Activity:
All that is needed is the line in the material below containing "Calza Pied De Poule Gris Nicopoly-1", plus every line after it, printed exactly.

---------- Material provided

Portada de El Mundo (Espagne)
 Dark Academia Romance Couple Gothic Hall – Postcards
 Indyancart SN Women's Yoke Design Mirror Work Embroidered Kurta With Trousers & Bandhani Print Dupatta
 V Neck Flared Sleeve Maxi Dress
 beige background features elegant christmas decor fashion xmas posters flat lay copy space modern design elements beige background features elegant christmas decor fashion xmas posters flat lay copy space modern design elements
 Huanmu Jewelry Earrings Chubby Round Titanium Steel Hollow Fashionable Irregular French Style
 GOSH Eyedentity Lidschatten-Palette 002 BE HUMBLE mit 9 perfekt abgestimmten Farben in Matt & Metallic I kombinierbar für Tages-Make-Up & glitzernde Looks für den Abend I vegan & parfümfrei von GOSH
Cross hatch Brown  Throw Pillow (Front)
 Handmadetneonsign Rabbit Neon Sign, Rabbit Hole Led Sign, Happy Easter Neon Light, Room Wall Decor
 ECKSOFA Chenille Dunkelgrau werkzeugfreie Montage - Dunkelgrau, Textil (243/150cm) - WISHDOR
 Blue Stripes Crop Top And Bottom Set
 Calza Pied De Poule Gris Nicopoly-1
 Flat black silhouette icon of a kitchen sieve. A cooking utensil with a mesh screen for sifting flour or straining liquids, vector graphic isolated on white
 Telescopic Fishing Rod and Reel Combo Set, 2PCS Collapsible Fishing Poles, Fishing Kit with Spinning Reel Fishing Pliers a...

--------------------

Output below:
 Calza Pied De Poule Gris Nicopoly-1
 Flat black silhouette icon of a kitchen sieve. A cooking utensil with a mesh screen for sifting flour or straining liquids, vector graphic isolated on white
 Telescopic Fishing Rod and Reel Combo Set, 2PCS Collapsible Fishing Poles, Fishing Kit with Spinning Reel Fishing Pliers a...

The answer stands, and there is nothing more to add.